Luminance Ratio HONEY ANT DREAMING
[Uscita: 02/05/2016]
#consigliatodadistorsioni
Non c’è due senza tre sarebbe il caso di dire per Luminance Ratio, fantastico combo capitanato da Gianmaria Aprile (a tenergli buona compagnia Andrea Ics Ferraris al laptop e percussioni, Luca Mauri chitarre e percussioni, Luca Sigurtà synth ed elettronica). Dopo i due validi “Like Little Garrisons Besieged” (2009) e “Reverie” (2013) e dopi i tre split 7” in affiancamento a nomi autorevoli della scena elettroacustica (rispettivamente: Steve Roden, Oren Ambarchi e Yannis Kyriakides), "Honey ant Dreaming" è il terzo lavoro sulla lunga distanza. Sei brani di una potenza evocativa ammaliante e ottenebrante. La grande capacità del quartetto sembra proprio quella di reinventarsi, di compiere evoluzioni sonore e ricerche continue e mai dome, riuscendo sempre ad imporre un modo di procedere originale, ispirato ma anche capillare, congeniato e soppesato nei minimi dettagli.

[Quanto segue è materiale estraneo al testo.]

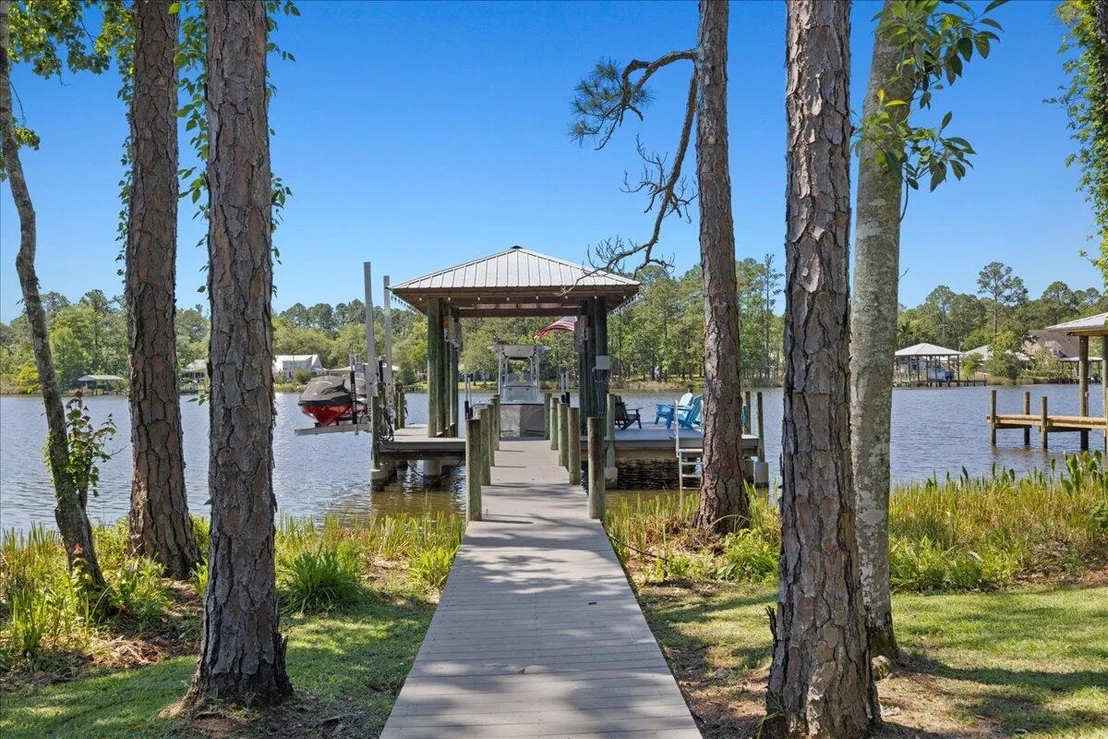 Photo of 103 W Bayou Forest Drive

Si muovono su territori difficilmente catalogabili, traendo ispirazioni sicuramente da alcune nobili lezioni di post psichedelia e post rock, soffermandosi su atmosfere languide e cristallizzate tipiche dell’ambient o oscure e primitive della world music. C'è una narrativa che ci racconta situazioni differenti seppure tenute unite da un sottile filo comune; fatto di un climax ambivalente che spazia tra tribalismi esotici, umbratile malinconia e una vena melodica eterea, allucinata, trasognata.

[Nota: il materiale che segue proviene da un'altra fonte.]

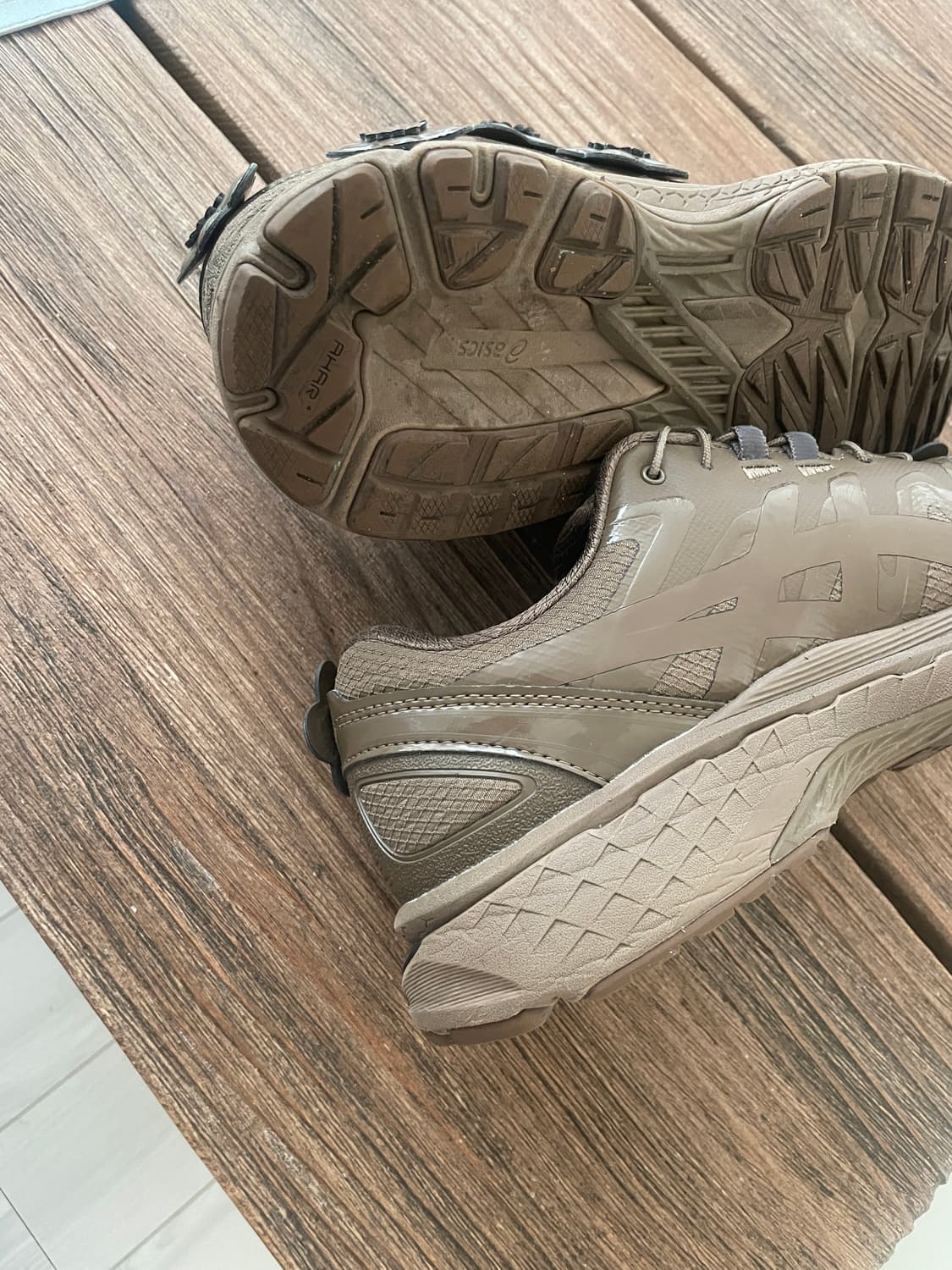 세실리아반센 아식스 브라운 250(US8) 상품이미지4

L'omonima Honey ant Dreaming è giocata sui riverberi e sulle dilatazioni del giquin e sull'incalzare ritmato e sincopato delle percussioni, molto suggestivi sono anche i cori che diffondono e amplificano i giochi strumentali. E se a prevalere sembrava essere un situazionismo ambient si entra decisamente in un altro scenario suggestivo, più articolato e sofisticato, con I am HE and she is SHE but yuo are the only YOU. Una serie di droni densi e stratificati che montano un'atmosfera esoterica e sacrale che in parte ci riporta all'onirismo misticheggiante di Reverie. Di grande impatto le sfumature timbriche e i rivoli scintillanti portati dai tocchi tremuli degli strumenti (il sitar, le chitarre e il giquin).

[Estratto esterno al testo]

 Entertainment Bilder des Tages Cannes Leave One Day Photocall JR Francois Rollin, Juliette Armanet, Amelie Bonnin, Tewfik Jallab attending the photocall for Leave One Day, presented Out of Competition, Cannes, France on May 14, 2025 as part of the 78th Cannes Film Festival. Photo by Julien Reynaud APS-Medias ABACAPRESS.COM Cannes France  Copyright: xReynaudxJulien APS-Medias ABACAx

E se Splinters of Rain chiude il lato dell'indefinito più intimistico e psicologico, con le sue cupe distorsioni elettroacustiche che sembrano voler assalire il flebile mantra modale in sottofondo, il lato B sembra essere fortemente tattile e corporeo. Passage d'Enfer omaggia le asperità della terra, i rituali propiziatori, i baccanali primitivi, l'energia pulsante della vita e la forza irrefrenabile degli elementi. Great White's All Around procede incalzante e tortuosa trascinandoci in anfratti inospitali, torridi e claustrofobici di visioni psichedeliche alterate. Gli stati allucinogeni proseguono muovendo ombre come contorsioni plastiche che ghermiscono e sovrastano, e torpori ansiogeni che freddano e repentinamente scuotono, ridestano. Blood Vessels è magnetica e avvolgente, una propulsione sulfurea, psicotropa che si irradia come pneuma di magnificente, insidiosa, incantevole bellezza. Ed è il terzo capolavoro.